[2268] in SIPB-AFS-requests
Re: Status of the cell, and possible plans to revert to 3.2
daemon@ATHENA.MIT.EDU (Greg Hudson)
Tue Jan 30 02:47:09 1996
To: jweiss@MIT.EDU
Cc: sipb-afsreq@MIT.EDU
In-Reply-To: Your message of "Tue, 30 Jan 1996 01:50:49 EST."
<9601300650.AA25445@w20-spare-dec.MIT.EDU>
Date: Tue, 30 Jan 1996 02:46:26 EST
From: Greg Hudson <ghudson@MIT.EDU>
> cd /
> /usr/afs/bin/bosserver < /dev/null >& /dev/null &
> This is how I was told to start it the first time I dealt with the
> dying bosserver problem, and am somewhat superstitous about the I/O
> redirection.
Actually, I think this fully explains the problems we're seeing.
When I upgraded the cell, and every time we recovered from the
dying-server problem, we ran "/usr/afs/bin/bosserver &" without I/O
redirection. Then we logged out, making the tty the bosserver is
associated with go away. The next time the bosserver tries to write
to the tty, it will die (on a SIGTTOU, I think). This doesn't happen
on normal startup, because the tty associated with the bosserver
(/dev/console) doesn't go away.
If this theory is correct, rosebud's bosserver should not die, but we
should expect ronald-ann's to in the near future.

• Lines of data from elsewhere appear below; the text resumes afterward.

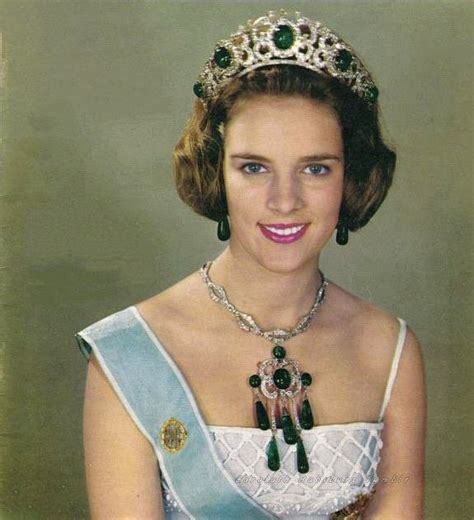 Drottning silvia fördes med ambulans till danderyds sjukhus under måndagsmorgonen. Queen Anne Marie of Greece.1965. Goodness, look at the ...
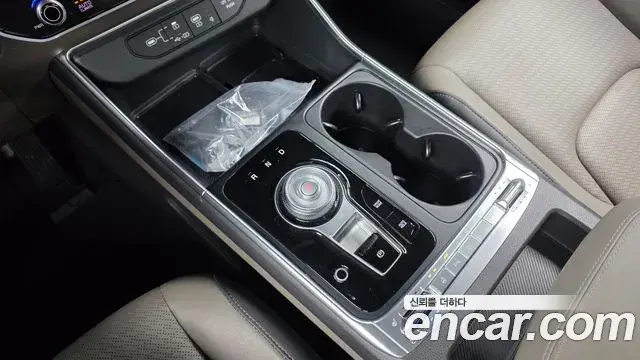 Kia Carnival 2024 — Photo 9/20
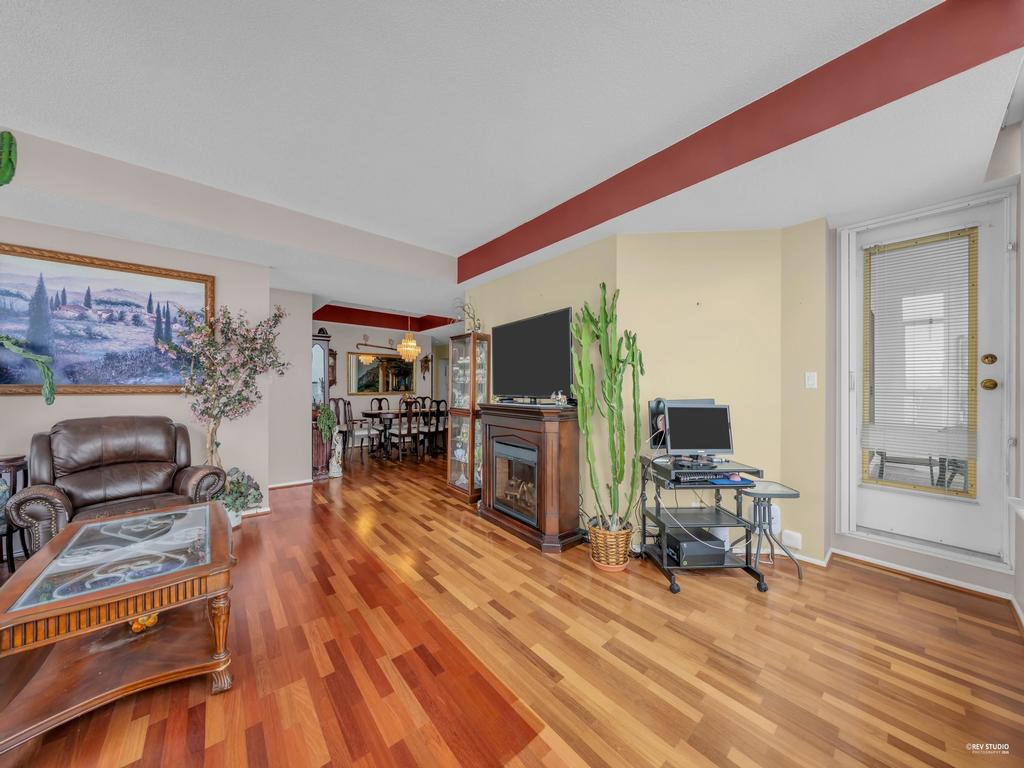 Listing Image for R3104948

Incidentally, this is another instance of AFS sucking. Unix servers
traditionally background themselves, disassociate themselves from the
tty, and log errors using syslog() or some form of file logging rather
than output to stdout or stderr. Thus they don't have this problem.
Since bosserver doesn't background itself, I should have thought of
the tty problem much earlier.
Updated plan:
* If we see the failure mode on ronald-ann, reboot the machine
(just in case something else is wrong).
* If we see the failure mode on rosebud again, then my theory
is shot to hell and we should follow the old plan, subject
to jweiss's and kcr's addendums.